Similarly with my students and recording I make them name and equal number of positive, negative, and neutral things they hear in the recording so that they're learning to hear their playing more objectively. It's not ignoring thing that need to be fixed, but trying to have an honest listen rather than just a negative one.
I've found those approaches helpful in my learning and teaching. Not exclusively positive, but focuses on that side much more.
Re: "Supportive" Lessons
Posted: Tue Jul 22, 2025 3:41 am
by Buffalospiritgathering
My college trombone professors basically killed my desire to play with relentless, overbearing criticism.
I take lessons because I want to get better, not be torn down.

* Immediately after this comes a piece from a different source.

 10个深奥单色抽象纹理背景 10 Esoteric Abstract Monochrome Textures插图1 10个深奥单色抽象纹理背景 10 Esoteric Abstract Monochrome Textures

I don't need anything sugar coated, but someone people think it's a good thing to leave a lesson crying... If you do it enough, you'll lose the fire that got you going in the first place, or worse, criticize your own playing to death.
There's definitely room to say "that sucked. You know better".
Re: "Supportive" Lessons
Posted: Tue Jul 22, 2025 10:41 am
by robcat2075
Some essential context that is absent here is... What is ryant's position in the trombone world?
Is ryant an 8th grader at Tom Landry Middle School in Arlen Tx?
Is ryant a performance major at Das Nationalkonservatorium für Erstaunliche Posaunisten?
Somewhere in between?
Why is ryant playing the trombone at all? What is the goal?